* Supplied data *

━━━━━━

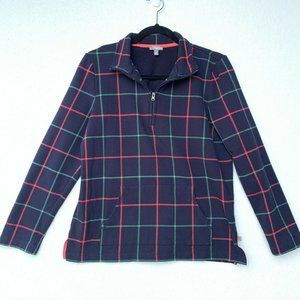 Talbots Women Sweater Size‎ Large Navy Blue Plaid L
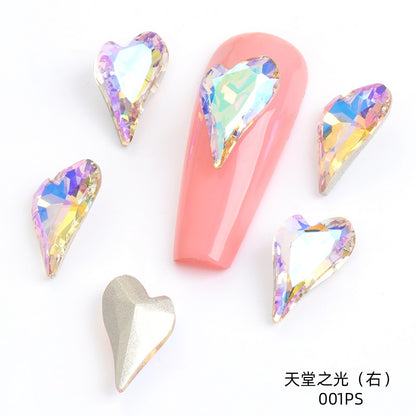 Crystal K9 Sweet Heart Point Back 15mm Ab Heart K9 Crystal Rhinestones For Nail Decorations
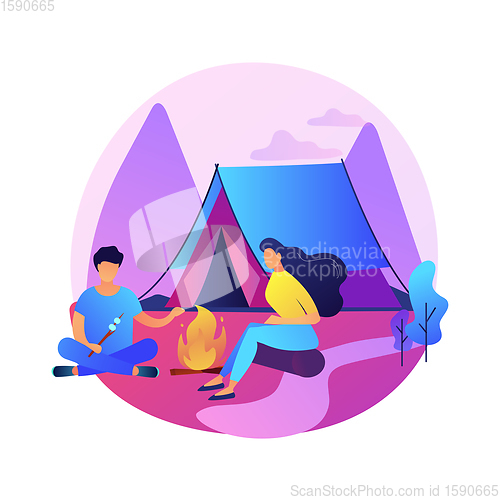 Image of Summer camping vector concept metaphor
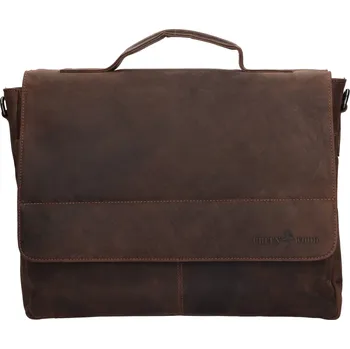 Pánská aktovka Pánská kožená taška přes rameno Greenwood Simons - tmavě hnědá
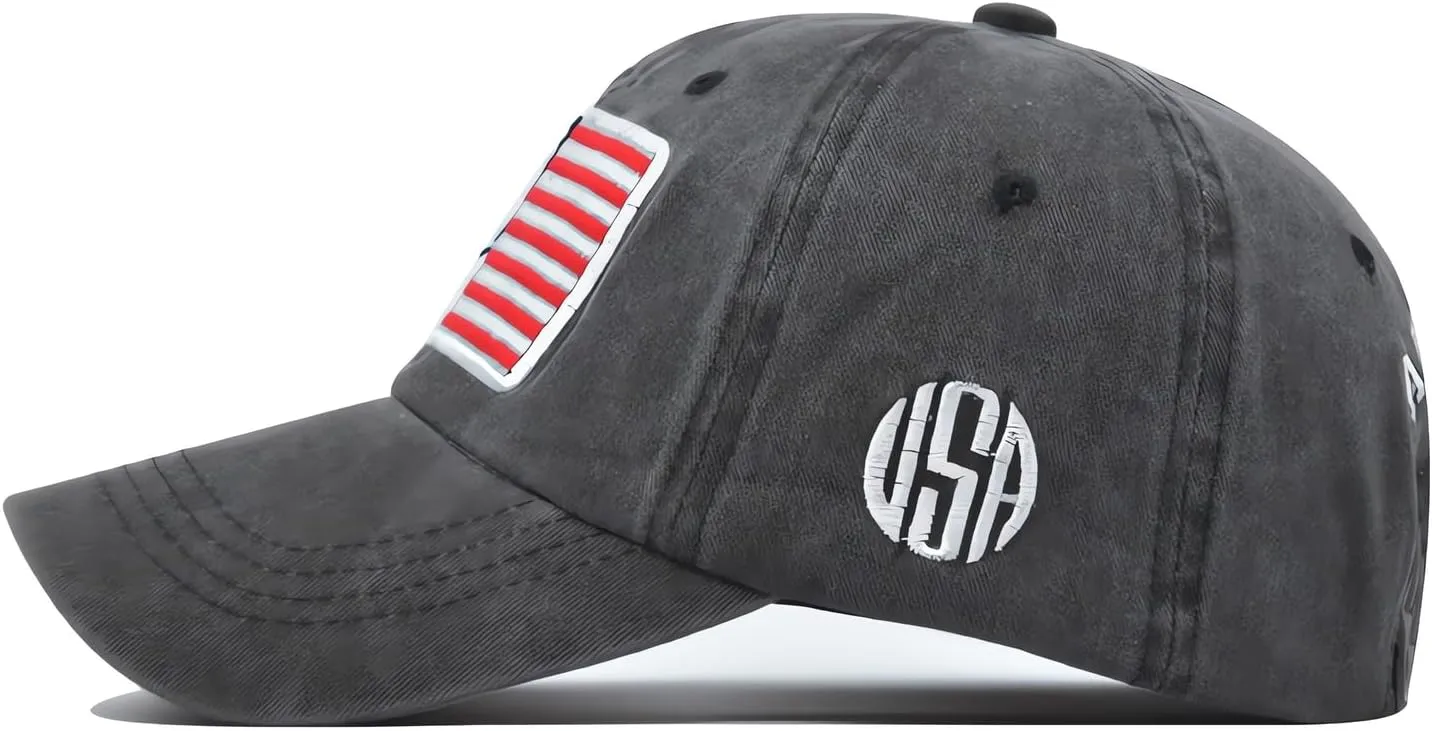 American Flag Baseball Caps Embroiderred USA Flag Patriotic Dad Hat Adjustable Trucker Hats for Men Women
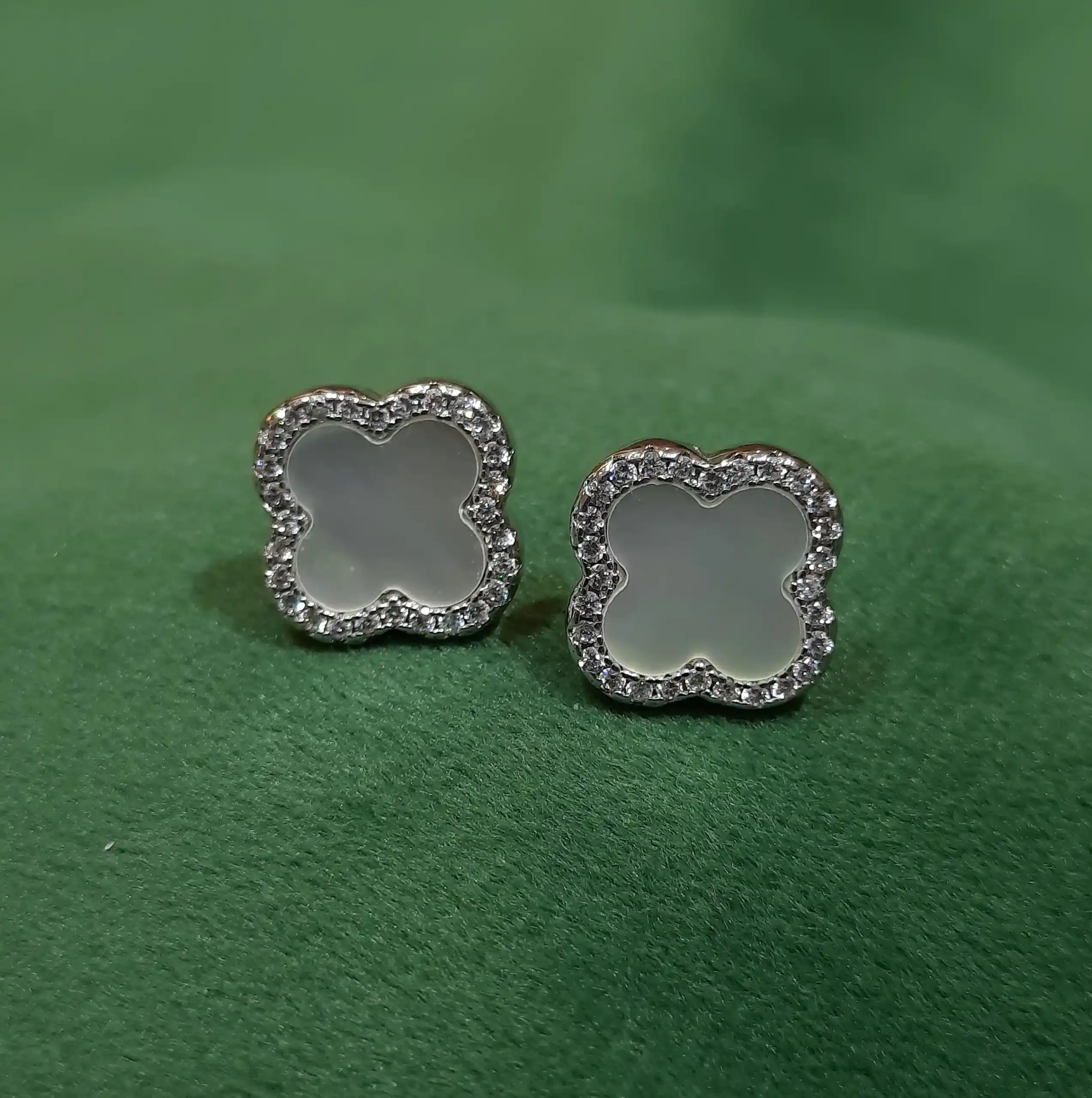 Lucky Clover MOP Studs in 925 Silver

━━━━━━

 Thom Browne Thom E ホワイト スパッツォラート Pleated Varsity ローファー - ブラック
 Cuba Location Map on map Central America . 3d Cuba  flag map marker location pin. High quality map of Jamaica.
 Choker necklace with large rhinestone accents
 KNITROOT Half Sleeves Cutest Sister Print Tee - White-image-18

━━━━━━

* What is expected *
Give back, exactly as written, the stretch from the line with "Choker necklace with" through the line with "KNITROOT Half Sleeves", and no other lines from the records above.

* Solution for this problem *
 Choker necklace with large rhinestone accents
 KNITROOT Half Sleeves Cutest Sister Print Tee - White-image-18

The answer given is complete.